Otros interlocutores, que prefieren mantenerse en el anonimato, consideran capital el papel del primer ministro vaticano, Tarsizio Bertone. "Un hombre que se ha ido escorando cada vez más a posiciones conservadoras, y que, junto al cardenal vicario de Roma, Camillo Ruini, forma parte del círculo de asesores más íntimo del Pontífice".
Ruini, precisamente, se ha lanzado a una campaña en pro de la revisión de la Ley del Aborto aprobada en Italia hace 30 años. El banderín de enganche se lo ha proporcionado el ex comunista y antiguo colaborador de Silvio Berlusconi Giuliano Ferrara, quien propone una moratoria para el aborto con el apoyo de los llamados laicos devotos, como el intelectual y senador de Forza Italia Marcello Pera.

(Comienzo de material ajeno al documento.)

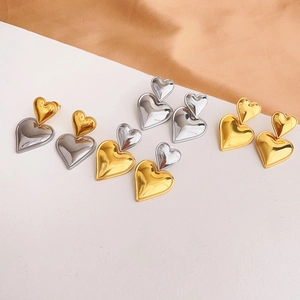 Detailed close-up of mixed gold and silver heart-shaped stainless steel earrings on satin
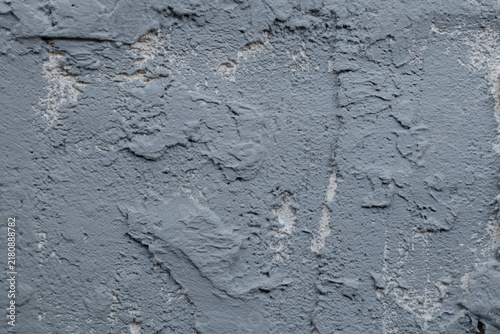 Fotografía A rough gray wall with an uneven layer of putty as a background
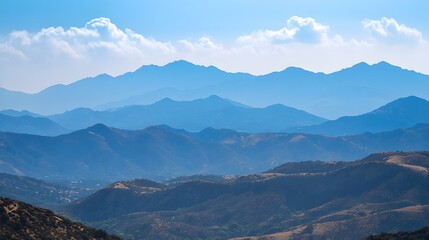 Obraz premium Serene Mountain Landscape with Soft Blue Hues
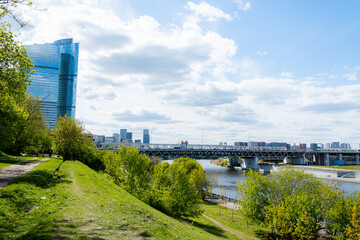 Fototapeta premium Moscow-City and Moscow-river area, Russia. modern architecture. Moscow City and skyscraper Moscow International Business Center in daytime against the blue sky with place for text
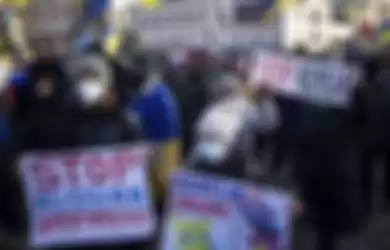 Demonstran dengan bendera dan poster nasional Ukraina berbaris di pusat Kharkiv, kota terbesar kedua di Ukraina, Sabtu, 5 Februari 2022.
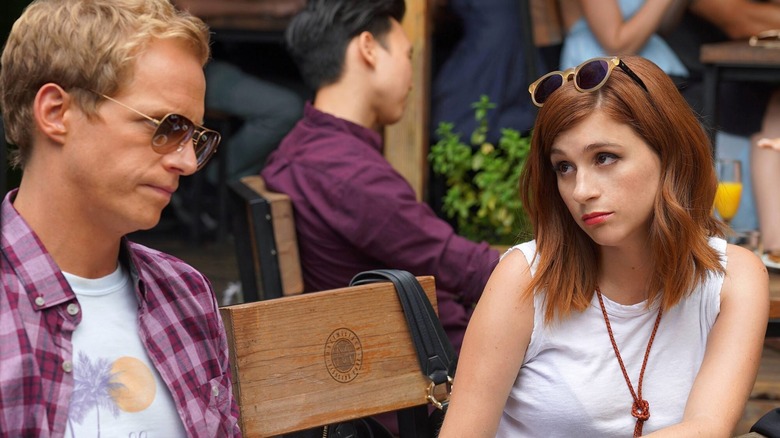 Aya Cash looks sassily at a grimacing Chris Geere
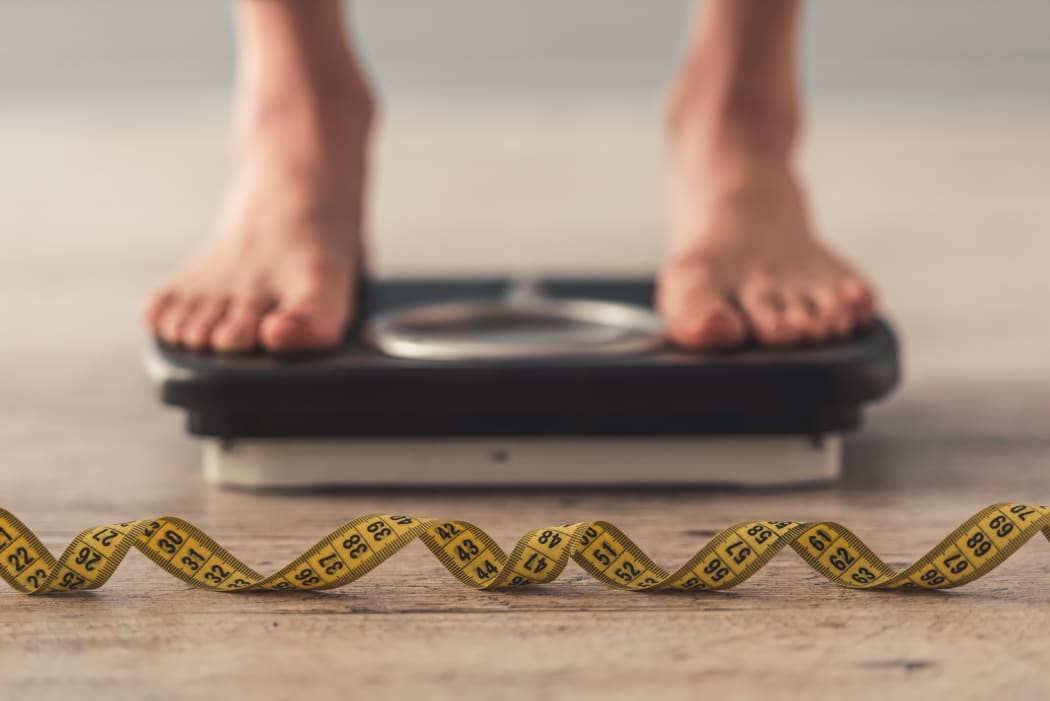 Person standing on weigh scales, tape measure in the foreground.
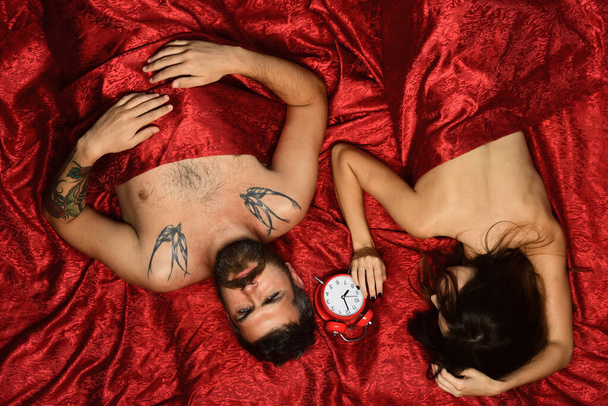 Man and woman with half covered bodies lie near clock - Φωτογραφία, εικόνα
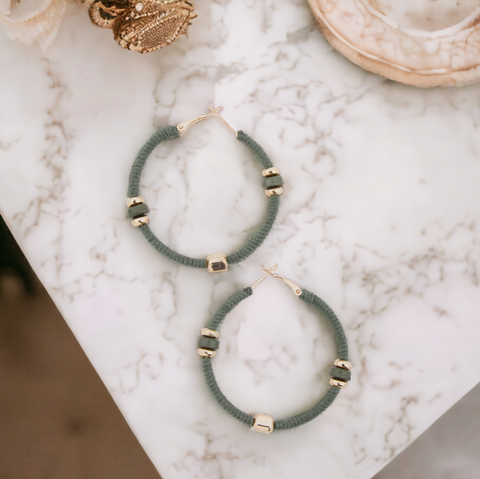 zephyr corded hoop sage green earrings with evenly spaced golden beads throughout.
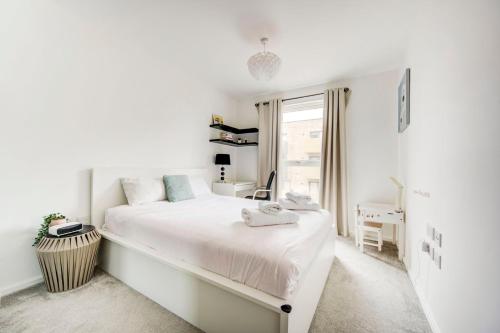 Postelja oz. postelje v sobi nastanitve GuestReady - Cosmopolitan Living in Hounslow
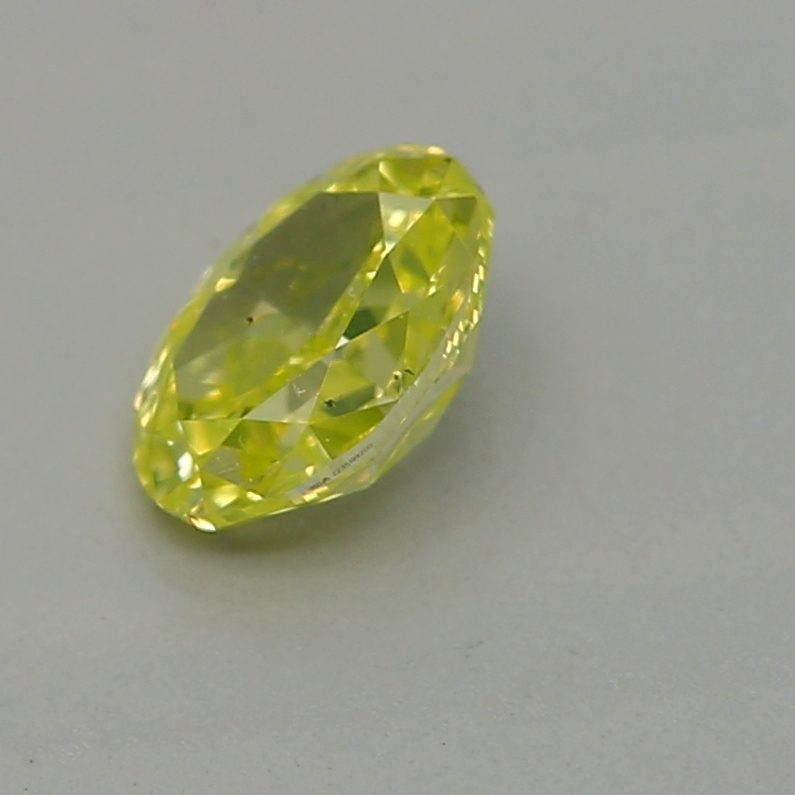 0.23 carat fancy intense green-yellow oval diamond certified by GIA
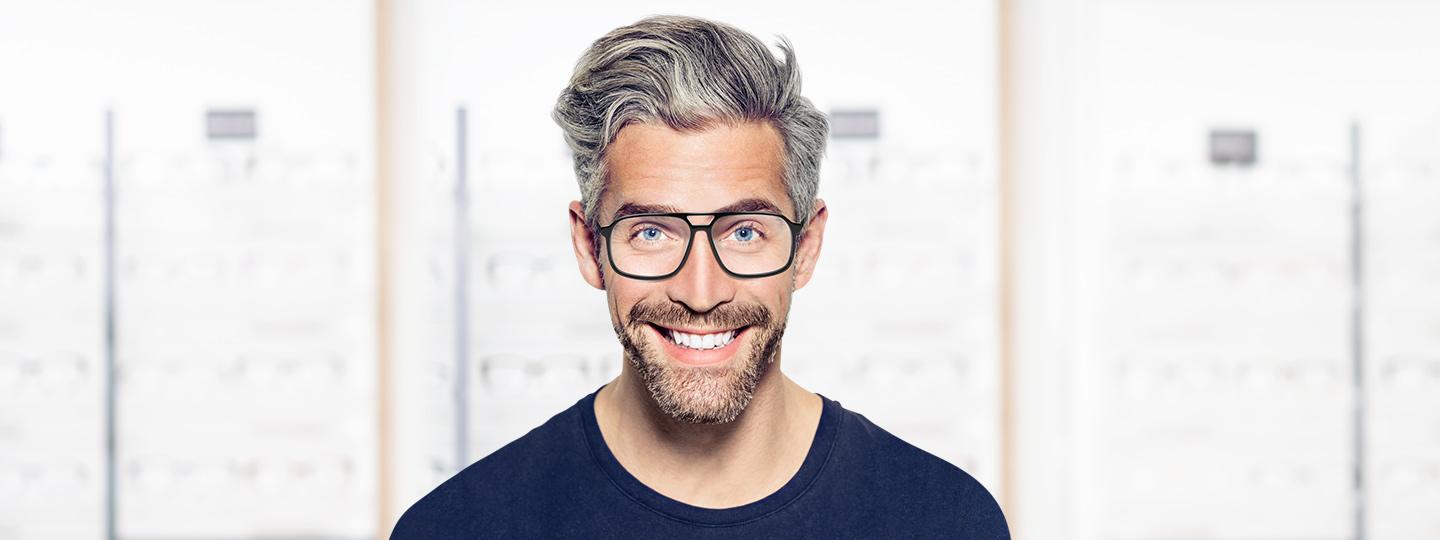 lächelnder Mann trägt Brille mit schwarzer Fassung von Hartlauer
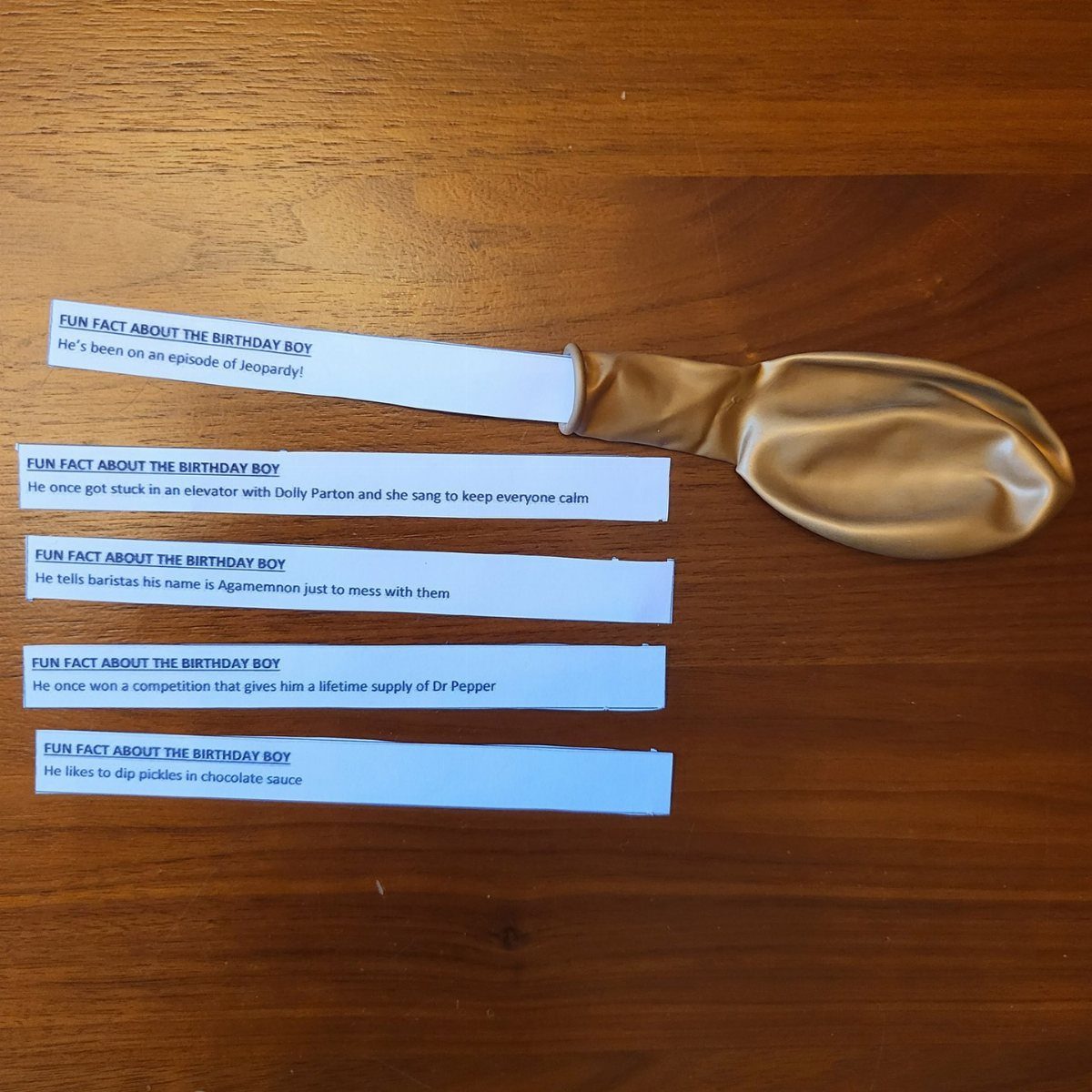 Gold balloon and printed fun fact strips on a wooden table.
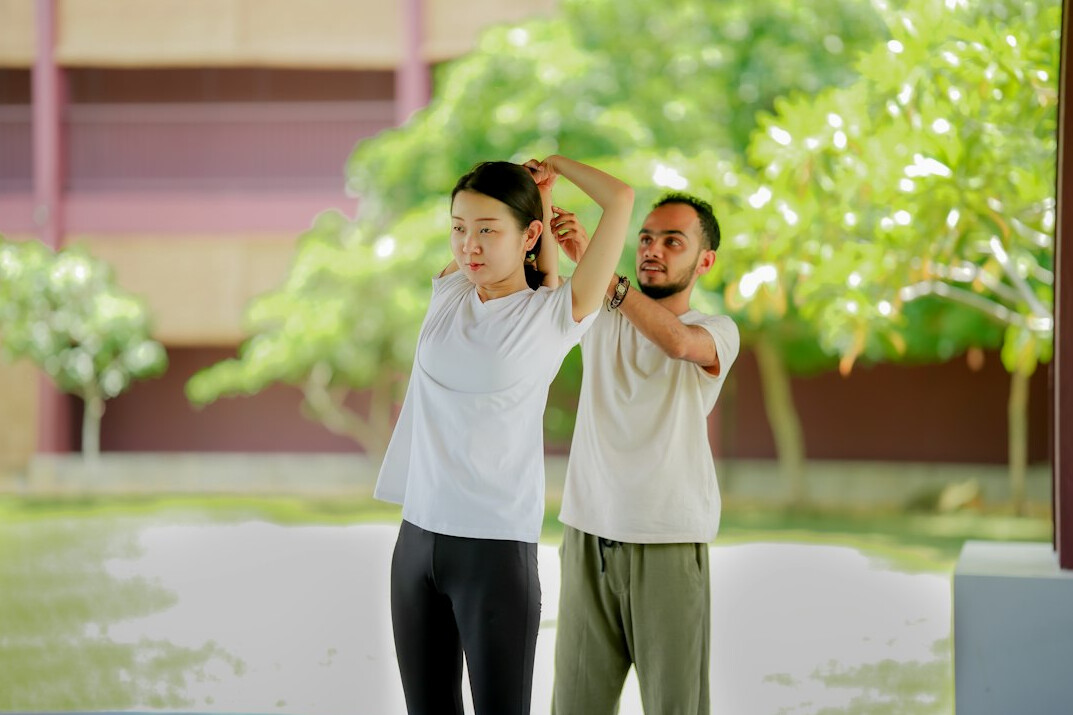 elderly people exercising together
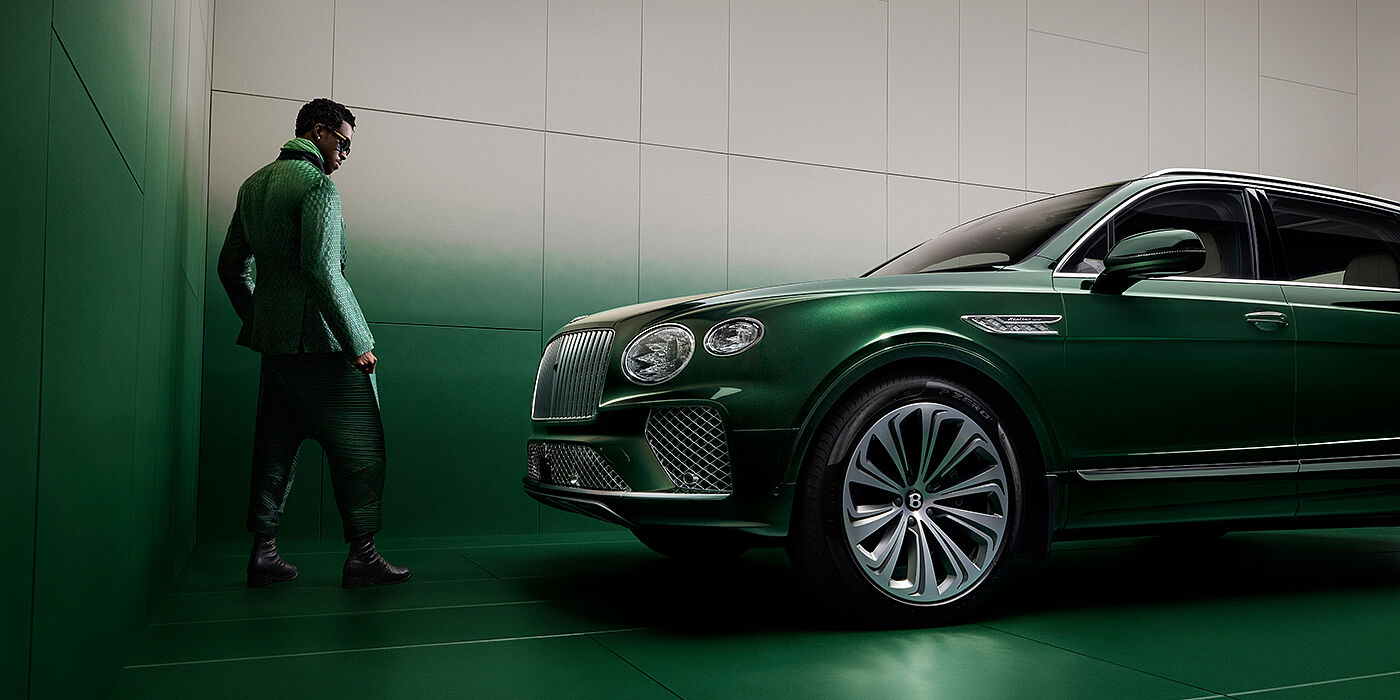 Bentley Bordeaux Wisdom K standing next to Bentley Bentayga Extended Wheelbase SUV in Light Emerald green paint in profile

La contraofensiva vaticana liderada también por el cardenal Bertone parece haber cobrado nuevo brío a raíz de la visita a la Santa Sede, el 21 de diciembre pasado, del presidente francés, Nicolas Sarkozy. Divorciado y todo, Sarkozy ha causado inmejorable impresión en el Vaticano, donde, para sorpresa general, coincidió con Benedicto XVI en defender la importancia de la religión católica en la vida pública y se permitió incluso alentar al clero francés a que intervenga más y con más valentía en los debates sociales y morales.
Toda una inyección de optimismo para la Santa Sede, que aspira ahora a reconquistar siquiera una parte de la influencia perdida en Francia, pero también en Italia y España, los tres feudos católicos del sur de Europa.